_Data under study_
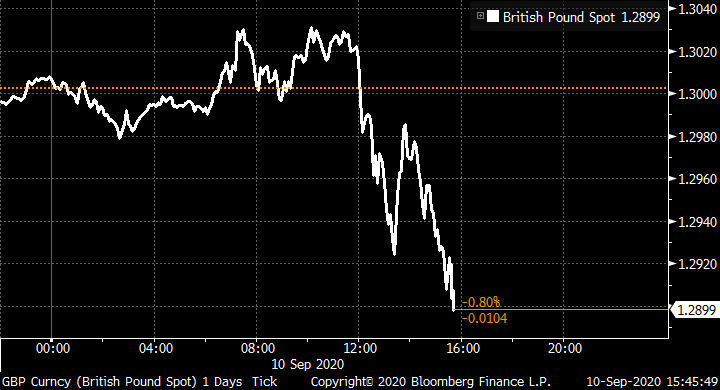 markets tweet picture
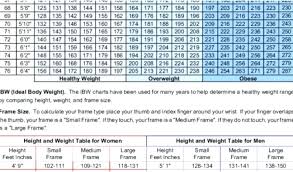 38 Surprising Healthy Weight Chart For Men And Women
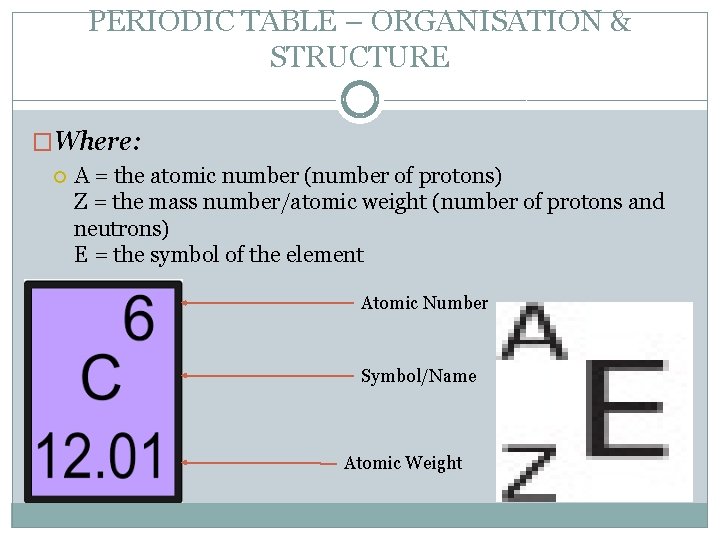 PERIODIC TABLE – ORGANISATION & STRUCTURE �Where: A = the atomic number (number of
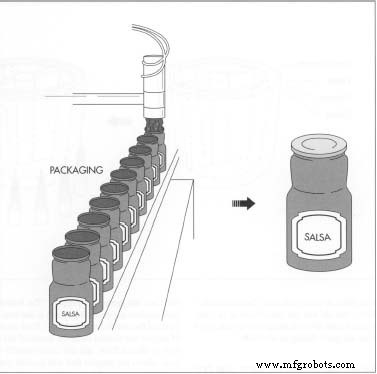 Salsa: From Tradition to Modern Production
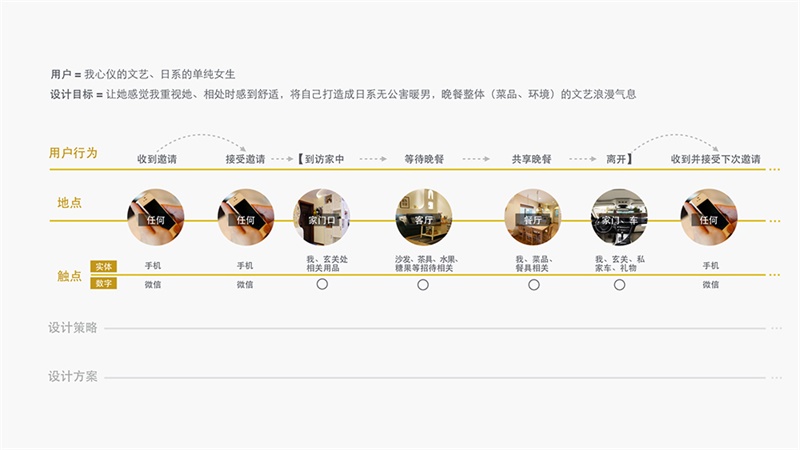 用追女生的方法做设计！O2O用户体验设计方法之五线谱-艺源科技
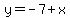 y+=+-7+%2B+x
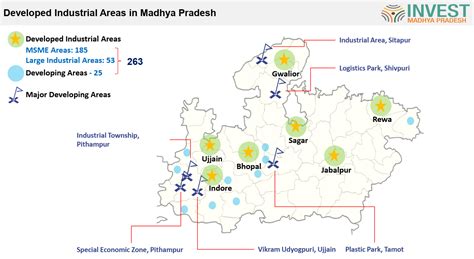 Industries in Madhya Pradesh, History, Classification, Distribution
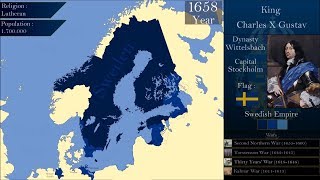 The History of Sweden  Every Year [upl. by Ahsoyek]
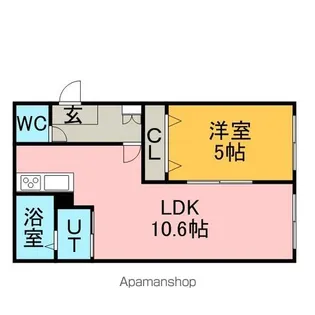 ペーニャ新札幌【1階】の間取り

_Assigned task_
Starting at the line that contains "用追女生的方法做设计！O2O用户体验设计方法之五线谱-艺源科技", restate every line through the end of the records exactly as written, but leave the pictures out.

_Output_
 用追女生的方法做设计！O2O用户体验设计方法之五线谱-艺源科技
 y+=+-7+%2B+x
 Industries in Madhya Pradesh, History, Classification, Distribution
 The History of Sweden  Every Year [upl. by Ahsoyek]
 ペーニャ新札幌【1階】の間取り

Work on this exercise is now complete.